The Ragpicker before treatment. © The J. Paul Getty Museum.

But varnishes turn colour as they age and over the years the painting had taken on a fog that concealed Manet’s painting technique along with the colours and details. In 2017, the Norton Simon worked with the J. Paul Getty Museum in Los Angeles to conserve The Ragpicker as part of a project refreshing three Manet paintings. The Ragpicker was in the worst shape. It would take six months of detailed examination using a variety of technologies to discover what the issues were and decide on an appropriate process to conserve the painting, followed by six more months to do the conservation work. Plus, hidden secrets were found in the painting.

Devi Ormond, Associate Conservator of Painting for the Getty Museum, was part of the team from the Norton Simon and Getty Museums who took on the task of conserving the troubled painting. She became interested in surfaces of paintings as a seven-year-old when a security guard at the Louvre told her not to touch a Van Gogh painting. As a teenager, she became fascinated with a documentary on the restoration of the Sistine Chapel thinking “what an incredible job it would be to work with surfaces so closely – and get paid for it.”

The first tech tool used at the Norton Simon was an ultraviolet (UV) black light flash lamp that is similar to those used in crime scenes to look for clues such as splashes of blood. No blood was found, but what the team saw suggested the top varnish was very thick and creating potential issues regarding the original paint. That was enough evidence to send The Ragpicker to the Getty’s Paintings Conservation Department for a professional technical examination using various types of lighting and tests.

The paint sample test shows the varnish mixing into the original paint – the black dots – and the layer structure. It is taken in UV light and is x100 magnification. Images courtesy of the J. Paul Getty Museum.
The paint sample test shows the varnish mixing into the original paint – the black dots – and the layer structure. It is taken in UV light and is x100 magnification. © The J. Paul Getty Museum.

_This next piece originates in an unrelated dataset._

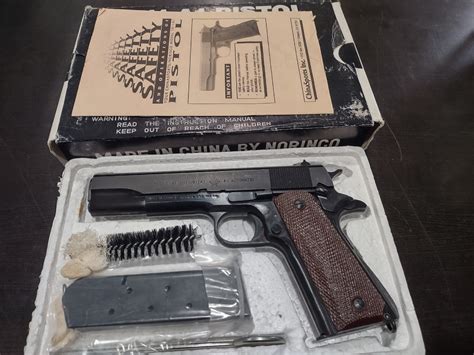 Norinco 1911a1 45acp Used With Original Box And Accessories S And S Guns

“As they say, an image speaks a thousand words,” said Ormond. “Somebody in France looking at this painting and then looking at the UV image will be able to interpret the issues without any language barrier. For example, under UV light, different varnishes fluoresce differently. Natural varnishes glow green and synthetic varnishes glow blue. We could see the blue fluorescence of the synthetic varnish was a problem.” The painting was then examined in infrared light which showed some of the old damages and retouching done by previous restorers.

The next test was an X-ray which helped understand the painting and Manet’s composition, including things he changed or hid. For example, the still life at the bottom of the painting was originally larger and Manet painted over sections with a grey-brown paint. The staff the ragpicker holds is vertical, but the X-ray showed that it was originally painted at a more diagonal angle. Also, there were black marks in the ragpicker’s face indicating thinner paint. According to Ormond, this is typical of Manet as he often made changes by scraping off dried paint.

“All these techniques give us an idea of the condition of the painting, which means you are not going in blind before you start treating the painting but are informed about the condition of the work,” said Ormond.

But they needed to go deeper to understand and test solubility of the varnishes. From the edge of the painting an almost microscopic sample of the varnishes and paint was taken and examined at 500x resolution. This tiny sample showed the layers of the varnishes and paint and uncovered the mingling of the varnish with original paint particles. As artist materials change, their nature changes too. While originally having a soft texture, when solvents in the paint dry, they do so at different speeds and levels and can microscopically (or more) crack. That’s an opening for varnishes to settle deep into the paint.

The Ragpicker under x-ray that shows the staff and still life changes. Images courtesy of the J. Paul Getty Museum.
The Ragpicker under X-ray that shows the staff and still life changes. © The J. Paul Getty Museum.

“It’s kind of like cutting through a cake, we see all the layers of the painting” said Ormond. “We saw the blue florescence of the varnish and how it goes into the paint layers and saw the particles of the pigments – little black dots – which gave us an indication of how deep the varnishes penetrated into the paint.”

From the tests it was decided that fully removing the varnish would also remove the original paint and damage The Ragpicker because of the paint/varnish interaction. The goal was to thin the varnish enough to expose the brush work, fill in old damages and retouch them.

Now comes modern solvents which are the tool for removing varnishes that discolour and hide paint strokes and original paint. Ormond made a series of combinations of solvents and carried out tests with cotton swabs to establish the solubility of the surface coating. She tested tiny areas on the edge of the painting but also on main sections because of the different solubility of paint colours and how they respond to solvents.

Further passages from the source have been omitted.